5 Things Cancer Taught Me About Being a Doctor

In September of 2013 I noticed a lump on the side of my neck I had been watching for six months was growing. After going through the differential diagnosis in my head, seeing two physicians and getting a biopsy… ding ding ding…. I had cancer. Stage 2A Hodgkin’s lymphoma.

The journey from being a physician to being a patient changed me forever and taught me the following five things:

1. Patients want normalcy.

Many of us just want a sense of normalcy. When that is taken from you, you hunger and thirst for it. Your life becomes strange as a cancer patient; all your freedoms are curtailed in the name of your safety. No longer can you carouse about as you once did.

And a kid with a runny nose? Forget about it. I still have nightmares that consist of people just coughing in close vicinity to me. My greatest act of defiance was eating a slice of pizza from a local joint, throwing sanitation and caution to the wind. And let me tell you,  even if that pizza had sent me to the emergency room with gastroenteritis, it would still have been worth it!

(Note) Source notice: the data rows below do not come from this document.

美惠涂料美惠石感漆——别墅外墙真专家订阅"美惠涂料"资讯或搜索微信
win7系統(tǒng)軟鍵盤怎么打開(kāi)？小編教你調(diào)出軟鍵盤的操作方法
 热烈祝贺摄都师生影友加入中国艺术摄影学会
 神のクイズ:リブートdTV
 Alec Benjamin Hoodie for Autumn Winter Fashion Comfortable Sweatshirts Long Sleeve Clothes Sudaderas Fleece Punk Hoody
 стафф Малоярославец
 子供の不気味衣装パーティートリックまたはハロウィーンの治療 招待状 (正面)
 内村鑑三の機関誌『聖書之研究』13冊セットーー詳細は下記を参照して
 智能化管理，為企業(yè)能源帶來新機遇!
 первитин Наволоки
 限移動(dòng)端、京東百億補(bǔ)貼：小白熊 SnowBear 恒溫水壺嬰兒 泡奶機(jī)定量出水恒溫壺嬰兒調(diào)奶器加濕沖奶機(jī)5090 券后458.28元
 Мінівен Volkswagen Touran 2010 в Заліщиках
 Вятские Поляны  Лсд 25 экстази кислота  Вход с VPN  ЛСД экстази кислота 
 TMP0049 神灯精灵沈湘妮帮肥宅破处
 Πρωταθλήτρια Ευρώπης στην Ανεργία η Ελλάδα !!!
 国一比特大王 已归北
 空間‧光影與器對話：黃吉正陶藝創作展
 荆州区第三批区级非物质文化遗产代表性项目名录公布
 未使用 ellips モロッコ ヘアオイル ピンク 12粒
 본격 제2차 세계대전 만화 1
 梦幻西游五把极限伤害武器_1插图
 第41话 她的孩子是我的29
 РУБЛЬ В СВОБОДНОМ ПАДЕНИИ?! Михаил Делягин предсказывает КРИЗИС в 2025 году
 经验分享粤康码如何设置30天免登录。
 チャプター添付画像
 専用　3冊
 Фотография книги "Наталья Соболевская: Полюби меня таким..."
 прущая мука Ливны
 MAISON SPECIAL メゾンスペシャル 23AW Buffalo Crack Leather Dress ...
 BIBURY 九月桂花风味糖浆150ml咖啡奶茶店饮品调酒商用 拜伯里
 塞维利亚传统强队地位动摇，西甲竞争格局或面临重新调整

2. We don’t know what it’s like.

I used to hear things like, “Mr. So and So is nauseous,” and I’d give an order for Gravol and think it wasn’t a big deal. Well you know what — it is. Experiencing this is an extremely big deal. Being chemo nauseous is awful. The pain needs to be eased immediately. It should be bared courageously by the patient, but it should also be eased immediately.

3. Being a patient is the worst.

I went from being a physician to being a patient. And even though I was cared for excellently, it was still a terrible experience. The difference was stark and I didn’t care for it. I’ll always remember that it’s wonderful to help someone who is ill, and while people may be grateful, they are preoccupied with what they are going through. Most people don’t want to be patients — because who wants to be sick?

4. You also have to treat the family.

When someone you love is sick it’s like you’re sick. My family experienced just as much through my illness — perhaps worse — than I did. Now that I know this I realize I have a responsibility, primarily to my patient, but also to their family. Because in the end, everyone goes through this together.

5. Your health is the most important thing in the world.

Before I was diagnosed I had to say I was a bit reckless about my health. I assumed it was something that would always remain. I figured any problems in my body would happen in the much later future. The truth is: without your health you don’t have anything. For me, all the money and fame in the world would have been traded instantly for the chance to live and feel well again when I felt on the edge of death. So don’t squander your days and don’t neglect your health because you really don’t know if and when things are going to change.

Live today brilliantly because tomorrow is not promised.